In my opinion, it was a terrific job. It was success early on. Bush,
whom I never thought could be an effective president, took my
admiration on his handling of the crisis. But even after the Taliban
was driven away and UBL's lieutenants have been captured, there is no
certain time as to when this War On Terror will end. When I reached
my 14th birthday last year, I made a simple but hard wish: world
peace.



Before the start of my adolescence I was already interested in
current events, but after this occurrence, I realized just how much
of an advantage this particular passion was. Keeping close watch on
the latest-breaking news, I became the source of information to my
friends and family. 9/11 was the subject of my school theme papers,
which led me to discover my creativity with the written word. Now, I
am a Features Columnist of my school's official publication, and my
articles dealt with a lot of you-know-what.




Sometimes, it takes a big incident to bring forth the best quality in
a person, and in my case it was writing. I poured a lot of my
thoughts and opinion in my compositions.
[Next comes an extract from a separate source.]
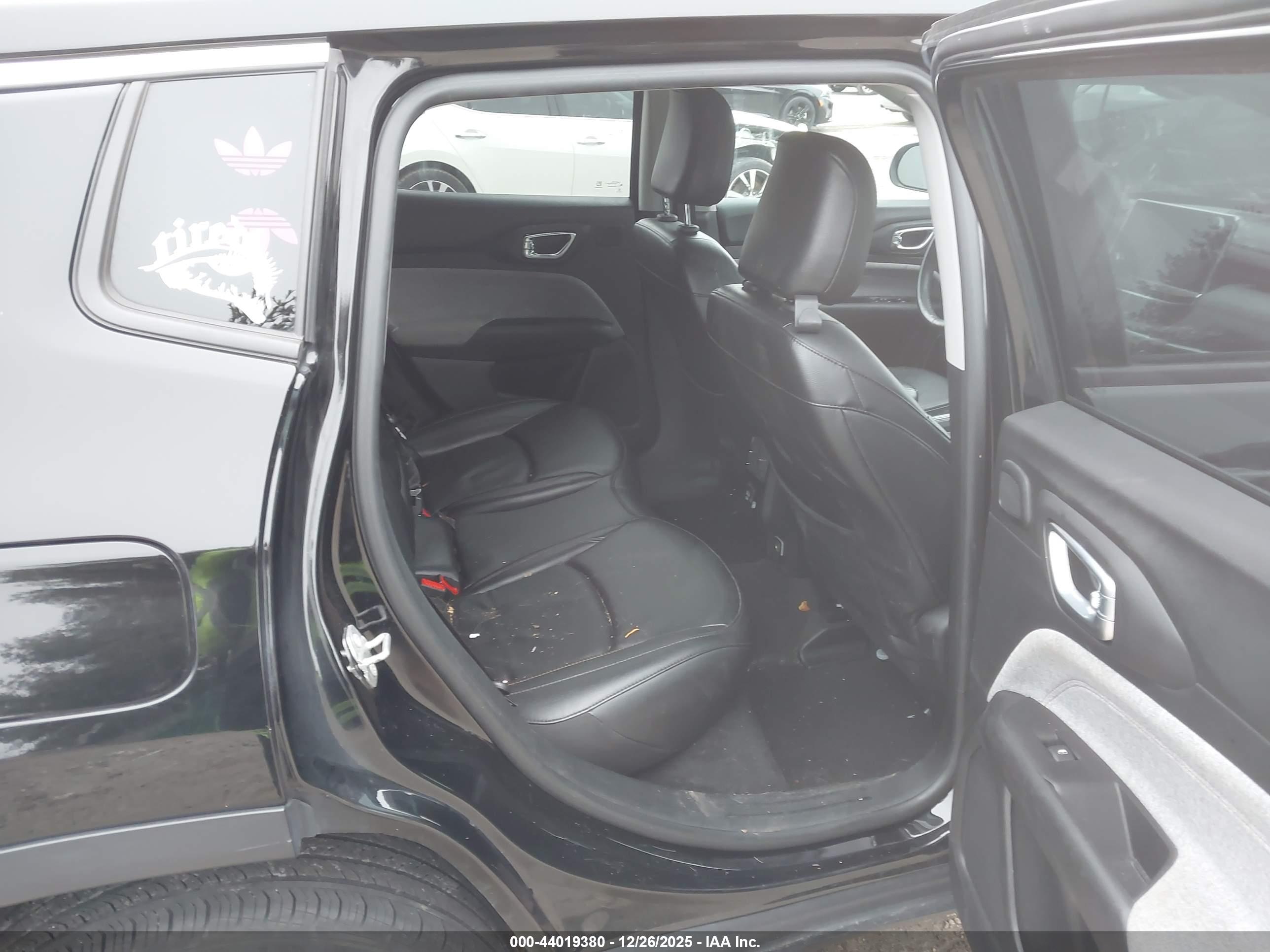 JEEP COMPASS image 8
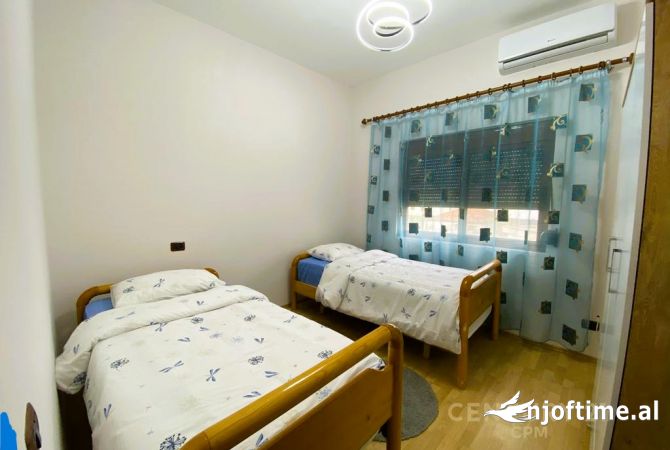 Shtepi me qera 2+1 ne Tirane - 650 Euro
It became my soothing
ground. I never really pursued it when I was younger, but after
receiving encouragement and compliments from my colleagues, I'm
confident to say I'm good at it now. The thought of becoming a
journalist one day have crossed my mind several times already, but
there's still a long time to make my mind up about the future.




One year effected greater awareness in me. One year made me think
about living my life in a brighter perspective. I pray more often,
more than ever. I am still anxious up to this day, fearing the threat
of another dreadful strike. But I shouldn't let this fear reign in my
heart. We all shouldn't. We are brave enough to come past such an
atrocity, and we are standing guard. As nations and as peoples, we
have undoubtedly created a link so strong, so insurmountable that the
terrorists will not have the tenacity to break it.



I remember that in the weeks after the attacks there came an old
phrase, We shall overcome. It was the perfect adage to hold onto
those gloomy days. In the most depressing moments there is still a
glimmer of hope that tomorrow will be a better morning. No matter how
hard the difficulties were, we can always face the challenges--and as
always, we can be able to come off as more improved individuals.



While the impending danger on matters about Iraq still lingering, and
the continuing terror alerts looming along the way, we can only wish
that this 1st anniversary will be a safer one.



We are lovers of democracy. We are defenders of freedom.



And yes, we can overcome whatever it is that comes our way.

Herschel | 14 | Philippines

#2158 | Wednesday, September 11th 2002
I was very shocked when I saw what was happening on tv. I was home sick with broncitus, and my mom came running in all upset and crying( she is a very emotional person with everything but, in this case I can understand)telling me what had and was happening. Then after she told me what had happened I changed the tv to CNN and watched it for a very long time. I am now very mad that someone was so cruel and unsinsitive, and that they killed many Americans, and parents of children who needed them.
Sophia | 14 | Massachusetts

#2157 | Wednesday, September 11th 2002
On September 11, 2001 I was in the Ayer Middle School technology class, completing my work, when my teacher told us that a plane hit the pentagon. Like ten minutes before we were informed about the pentagon, one of my fellow classmates (class clown) told many of us that 2 planes hit the Twin Towers in New York City, and many of us thought that he was joking, others, like me knew that for once he was serious and just sat there stunned. To this day, on September 11, 2002, I am still schocked that this could have happened to the United States.

A couple nights later, I was in my small town, and we held a candle light visual for all of those who lost loved ones, and all the brave souls who tried to help the ones that we lost.

I try now, not to joke about suicide bombings and things that have happened in the middle east. It has affected my family greatly, and I grieve for all whom this is a day for a death in the family.